Around 130 properties worth just over $600 million, transacted in the City of Los Angeles during the fourth quarter. Activity represents around a third of the dollar volumes witnessed quarterly, on average, during 2022. Of the properties that traded in the city in 23Q4, only 15 closed with a sale price above $5 million, around a quarter of the 58 properties that traded above that threshold quarterly, on average, in 2022. Activity in the fourth quarter follows a more tepid third quarter, which saw around $380 million of properties transacted. Only nine properties traded in 23Q3 for more than $5 million.

Going forward, the transfer tax could continue to suppress transaction activity, as buyers, especially developers and value-add buyers, who typically hold properties for shorter periods, need to incorporate this cost into their underwriting. The measures also have the potential to shift investment to other cities in L.A. County and other markets across the nation, where transfer taxes are much lower or not imposed.

Properties that have recently traded often see pricing below what would have been achieved before the rise in debt costs. In October, R.W. Selby & Company acquired Tower at Hollywood Hills, an 80-unit building at 1800 N Normandie Ave. in Los Feliz, from institutional investor Clarion for $27.47 million ($343,000/unit). The buyer financed the purchase with a $15.64 loan (57% loan to value). Clarion is selling the asset for a loss, having purchased the property for $30.1 million ($376,000/unit) in September 2018. Given the property was located in the City of Los Angeles, Clarion paid a transfer tax of 5.95%, or just over $1.6 million.

In September, Winstar Properties purchased William on Sunset, a 79-unit building in Hollywood at 5837 W Sunset Blvd., for $27.3 million ($346,000/unit) at a 5.5% in-place cap rate.

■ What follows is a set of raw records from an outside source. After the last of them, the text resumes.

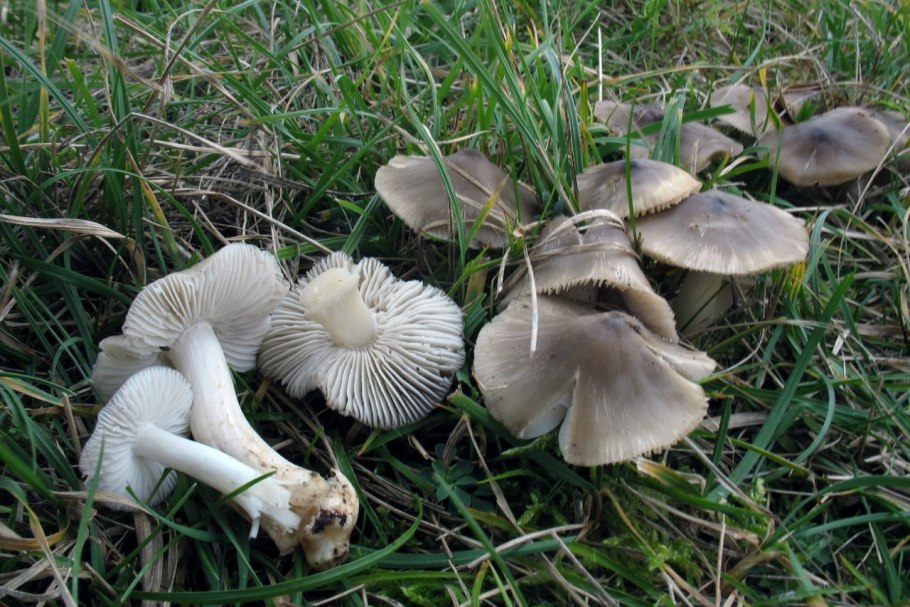 Cuphophyllus Fornicatus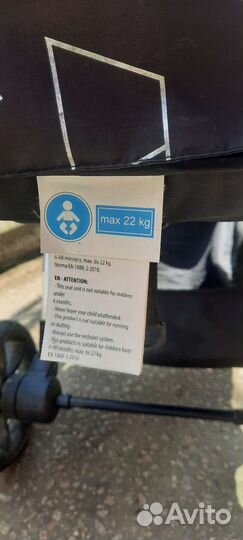 Коляска coletto jokko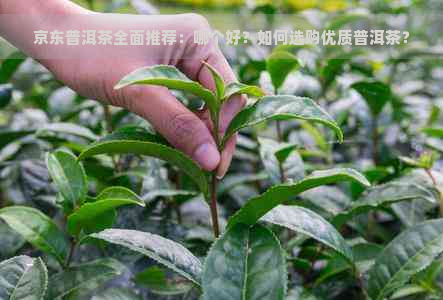 京东普洱茶全面推荐：哪个好？如何选购优质普洱茶？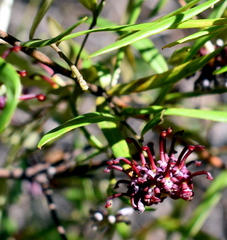Grevillea diffusa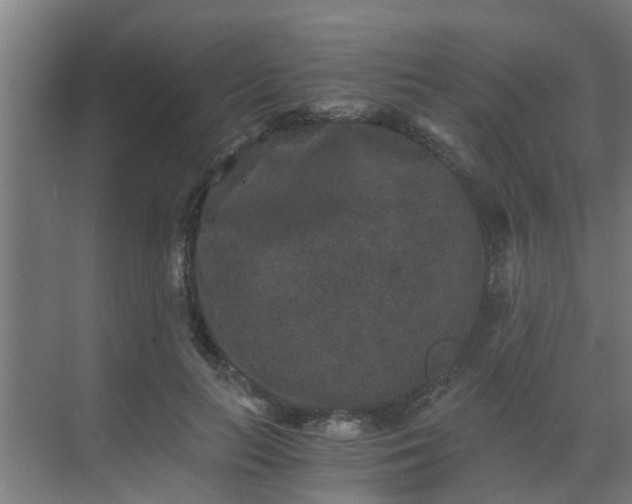 X0000069800647200605261724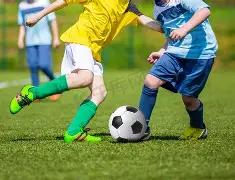 彩界预言家,双色球,期独家前瞻,大发快三彩票会员登录入口,dafa大发彩票官网,大发彩票dafa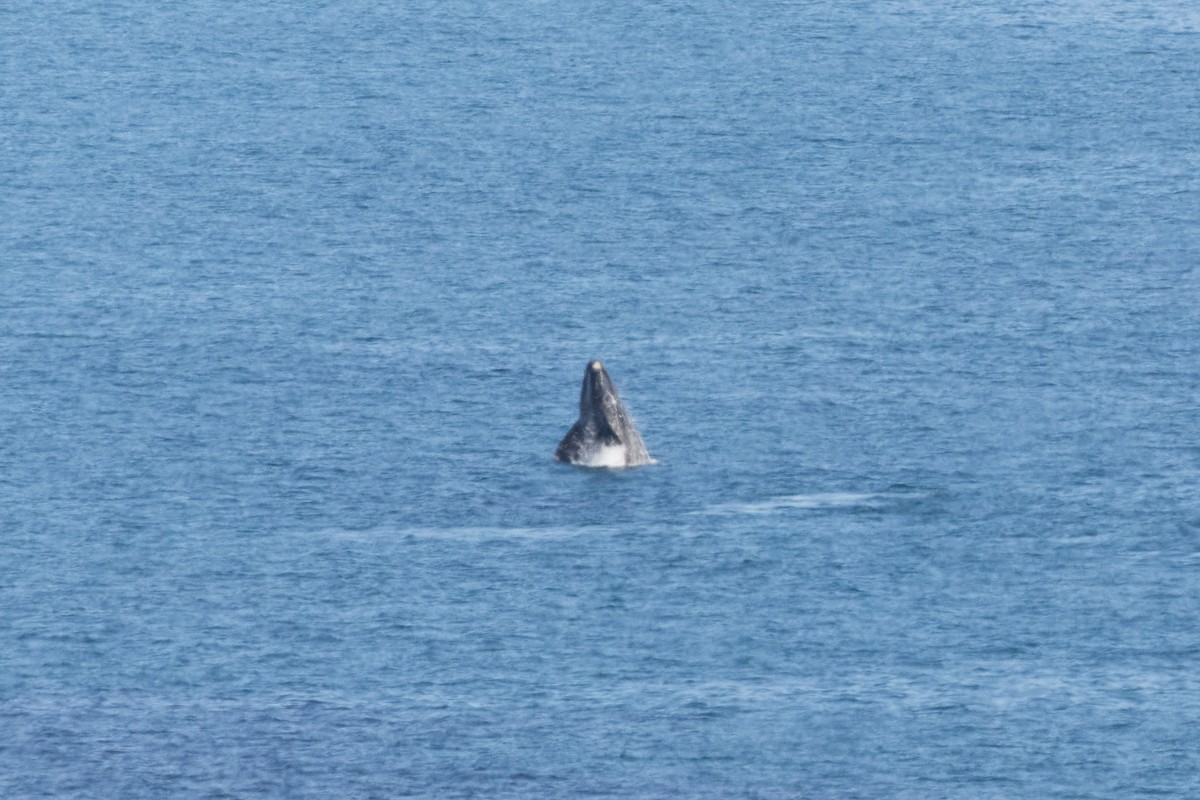 Southern Right Whale - ML645308664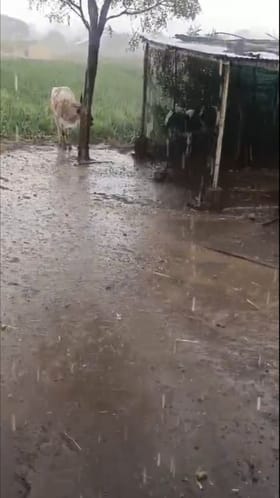 नाशिक बागलाणमध्ये अवकाळी पावसाने पिकांचे नुकसान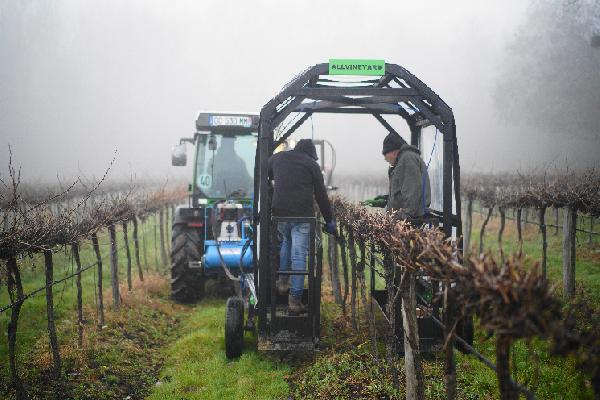  Une Cuma réalise en un seul passage la taille mécanique des vignes et la repasse manuelle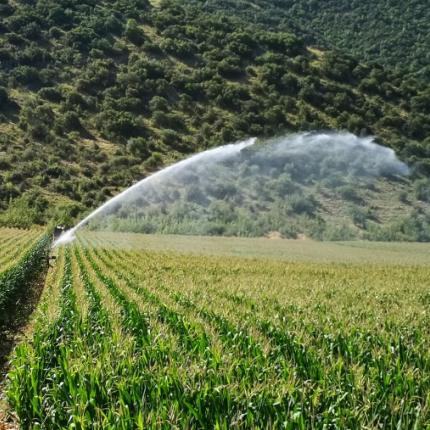 αρδευτικό νερό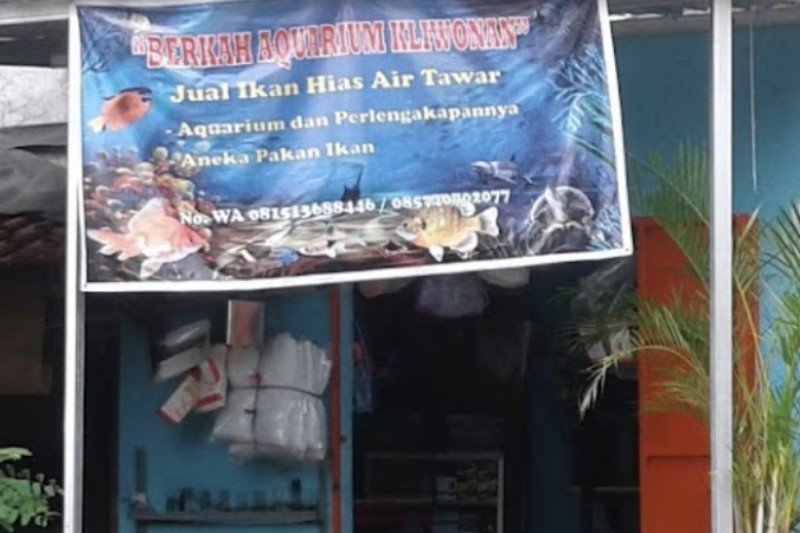 Berkah Aquarium Kliwonan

Given the building was built in 2016, it is not subject to the Los Angeles Rent Stabilization Ordinance. Winstar financed the acquisition with a $17.5 million loan (64% loan to value). The seller, Cypress Real Estate Advisors, is selling the property for a loss. It acquired the property in 2019 for $38 million ($481,000/unit) at a 3.5% cap rate. With the building located in the City of Los Angeles, the seller paid a transfer tax of 5.95%, or just over $1.6 million.

In November, a private family trust purchased 945 Locust Ave., a 16-unit building in Long Beach, from H.G. Fenton Company for $3.9 million ($244,000/unit) at a 5.8% cap rate. The property sold for 6% less than the initial asking price of $4.15 million. The buyer financed the acquisition with a $2.6 million loan (67% loan to value) from J.P. Morgan. The property last sold for $3.525 million ($220,000). The cap rate at the time of the 2017 sale, 4.5%, was 130 basis points below the 2023 cap rate, demonstrating the impact of rising debt costs on area transactions.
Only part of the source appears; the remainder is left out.